__Exercise instructions__.
Copy out all lines from the entries below in which "Bedroom" occurs.

Dataset records:
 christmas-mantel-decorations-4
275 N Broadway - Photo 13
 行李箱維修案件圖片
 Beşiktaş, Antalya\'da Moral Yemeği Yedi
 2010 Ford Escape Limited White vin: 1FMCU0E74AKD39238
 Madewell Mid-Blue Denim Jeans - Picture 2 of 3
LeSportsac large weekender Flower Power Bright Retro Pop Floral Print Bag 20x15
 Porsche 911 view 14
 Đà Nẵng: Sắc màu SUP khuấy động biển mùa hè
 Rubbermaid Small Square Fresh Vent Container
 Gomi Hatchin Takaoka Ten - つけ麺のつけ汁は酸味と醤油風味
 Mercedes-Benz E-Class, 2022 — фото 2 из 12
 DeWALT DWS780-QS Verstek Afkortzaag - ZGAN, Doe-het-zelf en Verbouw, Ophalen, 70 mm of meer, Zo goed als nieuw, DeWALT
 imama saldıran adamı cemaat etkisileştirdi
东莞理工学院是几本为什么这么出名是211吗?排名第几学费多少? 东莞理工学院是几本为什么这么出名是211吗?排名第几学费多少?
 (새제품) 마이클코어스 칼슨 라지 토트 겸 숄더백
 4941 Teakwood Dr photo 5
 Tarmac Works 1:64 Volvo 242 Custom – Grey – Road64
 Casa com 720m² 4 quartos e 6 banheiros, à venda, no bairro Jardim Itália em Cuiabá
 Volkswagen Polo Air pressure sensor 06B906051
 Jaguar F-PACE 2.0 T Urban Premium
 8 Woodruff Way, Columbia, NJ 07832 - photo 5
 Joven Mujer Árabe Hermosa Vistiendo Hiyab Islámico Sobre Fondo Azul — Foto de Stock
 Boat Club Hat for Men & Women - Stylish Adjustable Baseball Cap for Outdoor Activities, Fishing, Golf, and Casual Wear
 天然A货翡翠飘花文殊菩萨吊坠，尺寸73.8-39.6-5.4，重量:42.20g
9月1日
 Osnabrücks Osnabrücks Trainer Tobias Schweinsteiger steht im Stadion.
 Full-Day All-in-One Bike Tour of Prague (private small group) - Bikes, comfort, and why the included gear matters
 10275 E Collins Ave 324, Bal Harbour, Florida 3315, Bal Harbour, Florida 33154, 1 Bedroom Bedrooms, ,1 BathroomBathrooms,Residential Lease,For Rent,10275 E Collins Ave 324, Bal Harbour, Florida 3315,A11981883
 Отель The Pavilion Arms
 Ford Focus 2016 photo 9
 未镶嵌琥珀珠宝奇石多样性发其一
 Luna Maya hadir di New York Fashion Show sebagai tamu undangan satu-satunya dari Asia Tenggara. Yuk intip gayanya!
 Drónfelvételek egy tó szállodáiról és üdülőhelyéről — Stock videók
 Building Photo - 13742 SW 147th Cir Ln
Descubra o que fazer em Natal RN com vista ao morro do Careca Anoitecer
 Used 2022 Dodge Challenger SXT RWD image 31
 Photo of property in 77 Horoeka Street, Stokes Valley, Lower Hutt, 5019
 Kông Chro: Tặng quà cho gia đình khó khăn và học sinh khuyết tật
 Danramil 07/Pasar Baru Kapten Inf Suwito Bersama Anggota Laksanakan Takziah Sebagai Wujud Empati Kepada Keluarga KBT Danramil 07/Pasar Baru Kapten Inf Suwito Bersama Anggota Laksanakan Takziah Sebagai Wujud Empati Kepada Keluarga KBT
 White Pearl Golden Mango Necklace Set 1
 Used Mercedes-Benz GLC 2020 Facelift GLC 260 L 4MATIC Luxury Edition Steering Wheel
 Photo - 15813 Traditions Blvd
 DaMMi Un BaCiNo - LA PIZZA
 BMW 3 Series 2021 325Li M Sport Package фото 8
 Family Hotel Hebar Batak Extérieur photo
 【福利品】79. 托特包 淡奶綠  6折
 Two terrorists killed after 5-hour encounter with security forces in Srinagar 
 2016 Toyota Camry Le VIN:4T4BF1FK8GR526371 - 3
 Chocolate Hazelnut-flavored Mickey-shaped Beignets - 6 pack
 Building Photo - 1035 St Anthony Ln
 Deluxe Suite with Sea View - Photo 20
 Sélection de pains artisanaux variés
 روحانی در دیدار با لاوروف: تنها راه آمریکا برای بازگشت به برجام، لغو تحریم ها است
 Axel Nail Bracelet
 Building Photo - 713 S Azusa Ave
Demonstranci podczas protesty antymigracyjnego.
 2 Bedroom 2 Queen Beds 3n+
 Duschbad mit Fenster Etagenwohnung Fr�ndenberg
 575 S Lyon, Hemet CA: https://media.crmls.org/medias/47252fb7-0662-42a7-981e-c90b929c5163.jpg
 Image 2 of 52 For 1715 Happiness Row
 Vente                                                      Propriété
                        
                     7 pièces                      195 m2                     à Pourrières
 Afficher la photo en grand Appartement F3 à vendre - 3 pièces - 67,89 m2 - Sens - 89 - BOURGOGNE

__Response area__.
 10275 E Collins Ave 324, Bal Harbour, Florida 3315, Bal Harbour, Florida 33154, 1 Bedroom Bedrooms, ,1 BathroomBathrooms,Residential Lease,For Rent,10275 E Collins Ave 324, Bal Harbour, Florida 3315,A11981883
 2 Bedroom 2 Queen Beds 3n+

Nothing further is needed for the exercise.